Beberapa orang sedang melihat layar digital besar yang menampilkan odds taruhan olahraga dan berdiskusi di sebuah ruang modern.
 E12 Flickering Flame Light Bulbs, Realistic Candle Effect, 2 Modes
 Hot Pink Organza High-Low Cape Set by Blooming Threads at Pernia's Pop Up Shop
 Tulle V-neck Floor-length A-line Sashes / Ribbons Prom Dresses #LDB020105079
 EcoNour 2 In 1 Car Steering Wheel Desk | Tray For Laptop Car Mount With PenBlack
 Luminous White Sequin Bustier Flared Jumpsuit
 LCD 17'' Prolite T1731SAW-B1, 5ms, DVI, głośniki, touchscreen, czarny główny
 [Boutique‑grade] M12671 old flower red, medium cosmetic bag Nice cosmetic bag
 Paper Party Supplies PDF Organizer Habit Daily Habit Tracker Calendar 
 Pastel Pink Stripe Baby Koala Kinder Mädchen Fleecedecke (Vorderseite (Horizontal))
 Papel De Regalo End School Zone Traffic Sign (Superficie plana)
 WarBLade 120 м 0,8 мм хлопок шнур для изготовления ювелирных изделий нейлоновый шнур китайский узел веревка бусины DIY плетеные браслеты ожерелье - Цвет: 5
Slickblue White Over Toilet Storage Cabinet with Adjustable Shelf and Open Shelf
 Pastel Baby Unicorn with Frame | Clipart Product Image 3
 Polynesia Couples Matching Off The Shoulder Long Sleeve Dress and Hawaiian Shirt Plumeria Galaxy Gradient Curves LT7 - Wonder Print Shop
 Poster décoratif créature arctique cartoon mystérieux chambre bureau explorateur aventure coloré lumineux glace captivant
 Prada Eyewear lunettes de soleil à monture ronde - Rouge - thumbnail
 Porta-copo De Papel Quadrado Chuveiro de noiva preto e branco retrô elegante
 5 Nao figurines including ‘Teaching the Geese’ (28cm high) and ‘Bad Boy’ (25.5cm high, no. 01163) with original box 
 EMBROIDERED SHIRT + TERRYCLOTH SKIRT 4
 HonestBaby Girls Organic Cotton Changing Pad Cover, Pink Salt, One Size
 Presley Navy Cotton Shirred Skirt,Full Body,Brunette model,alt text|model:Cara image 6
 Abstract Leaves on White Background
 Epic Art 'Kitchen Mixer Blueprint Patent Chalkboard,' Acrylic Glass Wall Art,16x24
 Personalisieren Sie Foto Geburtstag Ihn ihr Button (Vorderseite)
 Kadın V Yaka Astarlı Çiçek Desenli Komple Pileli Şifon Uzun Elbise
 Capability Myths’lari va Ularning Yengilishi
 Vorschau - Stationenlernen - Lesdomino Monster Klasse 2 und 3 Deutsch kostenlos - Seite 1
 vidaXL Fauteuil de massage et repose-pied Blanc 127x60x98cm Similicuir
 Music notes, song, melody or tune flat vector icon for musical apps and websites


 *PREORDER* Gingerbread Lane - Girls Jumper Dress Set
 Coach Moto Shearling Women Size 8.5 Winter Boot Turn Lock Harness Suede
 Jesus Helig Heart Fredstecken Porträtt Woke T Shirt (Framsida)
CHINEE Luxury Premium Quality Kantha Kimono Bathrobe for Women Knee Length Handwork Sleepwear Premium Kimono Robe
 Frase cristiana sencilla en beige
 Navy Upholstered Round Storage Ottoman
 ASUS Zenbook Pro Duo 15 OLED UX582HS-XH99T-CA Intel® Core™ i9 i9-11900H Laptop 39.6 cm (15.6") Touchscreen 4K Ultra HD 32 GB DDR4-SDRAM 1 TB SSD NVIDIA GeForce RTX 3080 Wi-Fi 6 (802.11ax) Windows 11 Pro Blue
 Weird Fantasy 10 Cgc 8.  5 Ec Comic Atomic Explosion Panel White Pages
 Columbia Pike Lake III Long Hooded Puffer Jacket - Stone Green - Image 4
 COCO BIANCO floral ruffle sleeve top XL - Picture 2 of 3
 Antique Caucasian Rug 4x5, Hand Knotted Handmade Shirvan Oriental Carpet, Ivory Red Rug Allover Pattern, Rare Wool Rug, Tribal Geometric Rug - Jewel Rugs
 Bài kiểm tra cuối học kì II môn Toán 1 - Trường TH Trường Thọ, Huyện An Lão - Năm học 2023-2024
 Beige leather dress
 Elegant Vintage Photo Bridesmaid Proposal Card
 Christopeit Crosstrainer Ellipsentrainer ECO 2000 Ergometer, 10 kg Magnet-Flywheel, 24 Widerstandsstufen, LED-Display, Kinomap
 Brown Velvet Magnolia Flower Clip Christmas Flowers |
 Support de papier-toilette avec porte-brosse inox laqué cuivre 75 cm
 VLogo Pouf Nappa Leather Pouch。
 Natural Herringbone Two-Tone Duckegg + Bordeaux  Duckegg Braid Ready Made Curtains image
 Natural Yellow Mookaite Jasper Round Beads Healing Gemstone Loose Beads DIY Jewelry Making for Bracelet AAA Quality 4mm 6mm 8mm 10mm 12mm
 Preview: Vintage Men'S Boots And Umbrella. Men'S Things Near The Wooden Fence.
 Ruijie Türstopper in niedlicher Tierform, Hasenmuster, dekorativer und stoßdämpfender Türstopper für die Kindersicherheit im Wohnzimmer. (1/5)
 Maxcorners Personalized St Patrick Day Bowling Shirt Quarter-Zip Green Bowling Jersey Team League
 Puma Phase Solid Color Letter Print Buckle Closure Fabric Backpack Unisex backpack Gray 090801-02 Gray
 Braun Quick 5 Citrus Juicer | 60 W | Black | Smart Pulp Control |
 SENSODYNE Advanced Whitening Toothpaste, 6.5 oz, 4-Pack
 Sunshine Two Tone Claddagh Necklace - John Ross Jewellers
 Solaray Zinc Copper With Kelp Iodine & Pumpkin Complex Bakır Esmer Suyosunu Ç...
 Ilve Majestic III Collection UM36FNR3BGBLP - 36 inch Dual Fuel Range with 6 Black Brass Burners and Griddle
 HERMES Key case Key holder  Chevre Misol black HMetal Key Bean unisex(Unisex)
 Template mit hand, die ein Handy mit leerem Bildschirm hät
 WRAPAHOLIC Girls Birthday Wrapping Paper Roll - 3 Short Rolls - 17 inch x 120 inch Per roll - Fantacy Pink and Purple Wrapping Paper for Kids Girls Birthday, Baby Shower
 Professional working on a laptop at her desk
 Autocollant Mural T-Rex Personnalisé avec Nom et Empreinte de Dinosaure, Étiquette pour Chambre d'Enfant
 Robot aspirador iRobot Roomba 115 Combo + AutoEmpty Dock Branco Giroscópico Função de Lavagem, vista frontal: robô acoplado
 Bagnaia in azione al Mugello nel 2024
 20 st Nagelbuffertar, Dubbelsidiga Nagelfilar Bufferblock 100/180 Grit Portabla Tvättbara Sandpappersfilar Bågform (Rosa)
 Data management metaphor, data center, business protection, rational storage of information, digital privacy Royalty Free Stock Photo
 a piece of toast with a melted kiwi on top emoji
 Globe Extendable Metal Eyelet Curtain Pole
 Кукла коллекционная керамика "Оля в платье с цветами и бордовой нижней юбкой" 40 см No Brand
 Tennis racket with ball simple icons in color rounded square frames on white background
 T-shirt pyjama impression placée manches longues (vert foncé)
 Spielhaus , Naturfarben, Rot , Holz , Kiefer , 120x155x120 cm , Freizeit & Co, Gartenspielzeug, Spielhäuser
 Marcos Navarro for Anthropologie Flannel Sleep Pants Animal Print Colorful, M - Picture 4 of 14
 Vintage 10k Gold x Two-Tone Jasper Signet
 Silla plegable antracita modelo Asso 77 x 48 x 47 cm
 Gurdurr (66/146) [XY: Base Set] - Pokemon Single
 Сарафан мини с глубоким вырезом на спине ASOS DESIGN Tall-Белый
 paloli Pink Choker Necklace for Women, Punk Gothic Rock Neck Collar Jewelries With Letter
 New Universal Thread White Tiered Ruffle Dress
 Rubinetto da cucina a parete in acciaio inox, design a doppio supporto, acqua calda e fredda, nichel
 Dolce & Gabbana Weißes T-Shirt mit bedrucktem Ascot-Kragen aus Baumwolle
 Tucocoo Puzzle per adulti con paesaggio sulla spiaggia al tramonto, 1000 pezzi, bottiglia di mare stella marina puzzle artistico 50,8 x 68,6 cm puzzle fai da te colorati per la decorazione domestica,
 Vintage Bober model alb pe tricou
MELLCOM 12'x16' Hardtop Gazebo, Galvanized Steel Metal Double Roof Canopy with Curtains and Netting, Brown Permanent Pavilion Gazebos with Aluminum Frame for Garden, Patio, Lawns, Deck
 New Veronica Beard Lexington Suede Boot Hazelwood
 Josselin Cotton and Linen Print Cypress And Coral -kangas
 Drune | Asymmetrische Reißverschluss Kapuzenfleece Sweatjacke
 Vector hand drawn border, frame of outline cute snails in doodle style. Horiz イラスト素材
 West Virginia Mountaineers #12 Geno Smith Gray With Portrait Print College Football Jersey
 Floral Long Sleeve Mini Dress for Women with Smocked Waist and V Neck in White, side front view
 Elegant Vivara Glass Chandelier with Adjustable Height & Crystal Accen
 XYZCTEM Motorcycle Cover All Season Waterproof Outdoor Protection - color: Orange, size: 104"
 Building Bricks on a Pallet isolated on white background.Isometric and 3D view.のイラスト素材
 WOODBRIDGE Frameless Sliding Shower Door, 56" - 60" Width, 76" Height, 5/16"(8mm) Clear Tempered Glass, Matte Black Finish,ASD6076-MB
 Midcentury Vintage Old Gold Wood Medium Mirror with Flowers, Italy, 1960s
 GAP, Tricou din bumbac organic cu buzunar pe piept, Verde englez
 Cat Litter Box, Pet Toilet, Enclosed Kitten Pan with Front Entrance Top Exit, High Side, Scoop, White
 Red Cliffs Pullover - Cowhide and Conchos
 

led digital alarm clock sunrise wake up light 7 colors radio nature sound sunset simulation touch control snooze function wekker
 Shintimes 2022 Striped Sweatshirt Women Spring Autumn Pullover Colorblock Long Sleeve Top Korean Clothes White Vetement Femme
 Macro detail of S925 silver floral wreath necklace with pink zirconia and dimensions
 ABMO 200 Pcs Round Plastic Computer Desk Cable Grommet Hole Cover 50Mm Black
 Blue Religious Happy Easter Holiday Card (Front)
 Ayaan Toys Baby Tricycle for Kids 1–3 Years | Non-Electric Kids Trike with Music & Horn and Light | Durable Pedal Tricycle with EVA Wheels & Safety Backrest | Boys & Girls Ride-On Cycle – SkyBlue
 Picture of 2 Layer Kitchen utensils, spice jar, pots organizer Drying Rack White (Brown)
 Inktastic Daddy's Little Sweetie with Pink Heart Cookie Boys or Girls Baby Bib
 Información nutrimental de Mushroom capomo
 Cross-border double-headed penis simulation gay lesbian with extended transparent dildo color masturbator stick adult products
━━━━
_PROBLEM STATEMENT_:
Of the lines above, retype only those from the line containing "Epic Art 'Kitchen" through the line containing "Jesus Helig Heart", including both, exactly.

_EXERCISE RESULT_:
 Epic Art 'Kitchen Mixer Blueprint Patent Chalkboard,' Acrylic Glass Wall Art,16x24
 Personalisieren Sie Foto Geburtstag Ihn ihr Button (Vorderseite)
 Kadın V Yaka Astarlı Çiçek Desenli Komple Pileli Şifon Uzun Elbise
 Capability Myths’lari va Ularning Yengilishi
 Vorschau - Stationenlernen - Lesdomino Monster Klasse 2 und 3 Deutsch kostenlos - Seite 1
 vidaXL Fauteuil de massage et repose-pied Blanc 127x60x98cm Similicuir
 Music notes, song, melody or tune flat vector icon for musical apps and websites


 *PREORDER* Gingerbread Lane - Girls Jumper Dress Set
 Coach Moto Shearling Women Size 8.5 Winter Boot Turn Lock Harness Suede
 Jesus Helig Heart Fredstecken Porträtt Woke T Shirt (Framsida)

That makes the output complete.